▸ WORK ITEM:
Scan the data for "floral" and copy the lines it appears in.

___ ENTRIES SUPPLIED ___

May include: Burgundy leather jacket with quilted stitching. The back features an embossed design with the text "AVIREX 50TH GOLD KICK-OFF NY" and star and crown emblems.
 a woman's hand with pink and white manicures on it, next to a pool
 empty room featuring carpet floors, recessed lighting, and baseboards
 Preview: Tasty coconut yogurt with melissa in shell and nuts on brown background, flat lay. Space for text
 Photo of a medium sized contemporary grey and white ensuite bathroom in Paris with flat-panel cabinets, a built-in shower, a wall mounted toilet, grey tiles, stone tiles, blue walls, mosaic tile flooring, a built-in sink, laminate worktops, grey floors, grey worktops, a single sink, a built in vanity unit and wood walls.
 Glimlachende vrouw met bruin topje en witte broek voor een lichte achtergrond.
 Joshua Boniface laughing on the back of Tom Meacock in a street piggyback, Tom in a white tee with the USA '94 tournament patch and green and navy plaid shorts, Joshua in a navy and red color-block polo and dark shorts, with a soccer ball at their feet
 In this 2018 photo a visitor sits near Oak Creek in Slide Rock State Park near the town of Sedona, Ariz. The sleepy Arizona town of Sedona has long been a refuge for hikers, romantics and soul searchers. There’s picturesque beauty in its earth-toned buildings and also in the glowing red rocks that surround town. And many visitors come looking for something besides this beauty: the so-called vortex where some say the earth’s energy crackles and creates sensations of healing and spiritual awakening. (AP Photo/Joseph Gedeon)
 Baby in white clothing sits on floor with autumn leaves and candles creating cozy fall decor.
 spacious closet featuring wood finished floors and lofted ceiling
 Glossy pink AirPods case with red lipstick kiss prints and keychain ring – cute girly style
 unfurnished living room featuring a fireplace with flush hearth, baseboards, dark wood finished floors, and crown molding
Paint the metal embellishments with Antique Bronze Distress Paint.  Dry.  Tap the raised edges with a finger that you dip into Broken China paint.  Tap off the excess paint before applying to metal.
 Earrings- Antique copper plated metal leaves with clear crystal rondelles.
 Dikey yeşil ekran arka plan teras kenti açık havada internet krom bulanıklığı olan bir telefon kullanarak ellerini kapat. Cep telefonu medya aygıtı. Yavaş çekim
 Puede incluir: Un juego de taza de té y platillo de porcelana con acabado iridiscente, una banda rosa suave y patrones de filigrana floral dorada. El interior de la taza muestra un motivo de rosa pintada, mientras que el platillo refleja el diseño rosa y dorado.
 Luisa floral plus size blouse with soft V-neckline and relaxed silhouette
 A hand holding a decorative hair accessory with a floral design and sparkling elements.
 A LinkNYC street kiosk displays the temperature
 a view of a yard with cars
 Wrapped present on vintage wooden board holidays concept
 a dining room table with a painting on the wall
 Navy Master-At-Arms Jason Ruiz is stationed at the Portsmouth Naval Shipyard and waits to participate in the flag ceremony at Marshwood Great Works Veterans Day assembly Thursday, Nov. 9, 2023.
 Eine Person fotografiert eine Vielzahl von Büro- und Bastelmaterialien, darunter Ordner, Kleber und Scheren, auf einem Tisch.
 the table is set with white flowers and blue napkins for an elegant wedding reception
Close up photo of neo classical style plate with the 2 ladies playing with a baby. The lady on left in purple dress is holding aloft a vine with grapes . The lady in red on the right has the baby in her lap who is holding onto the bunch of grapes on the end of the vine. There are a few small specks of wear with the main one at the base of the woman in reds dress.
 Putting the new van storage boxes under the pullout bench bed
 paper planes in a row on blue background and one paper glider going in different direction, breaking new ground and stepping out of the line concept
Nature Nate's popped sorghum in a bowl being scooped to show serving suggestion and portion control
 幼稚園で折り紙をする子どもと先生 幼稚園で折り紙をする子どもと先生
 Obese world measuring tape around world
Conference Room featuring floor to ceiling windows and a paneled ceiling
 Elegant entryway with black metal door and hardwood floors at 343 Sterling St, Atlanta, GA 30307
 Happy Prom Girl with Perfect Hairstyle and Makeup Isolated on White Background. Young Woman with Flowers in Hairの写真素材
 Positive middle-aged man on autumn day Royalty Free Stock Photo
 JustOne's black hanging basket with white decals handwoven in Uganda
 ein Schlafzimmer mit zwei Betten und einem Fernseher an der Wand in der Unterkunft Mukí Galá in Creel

___

▸ SOLVED EXERCISE:
 Puede incluir: Un juego de taza de té y platillo de porcelana con acabado iridiscente, una banda rosa suave y patrones de filigrana floral dorada. El interior de la taza muestra un motivo de rosa pintada, mientras que el platillo refleja el diseño rosa y dorado.
 Luisa floral plus size blouse with soft V-neckline and relaxed silhouette
 A hand holding a decorative hair accessory with a floral design and sparkling elements.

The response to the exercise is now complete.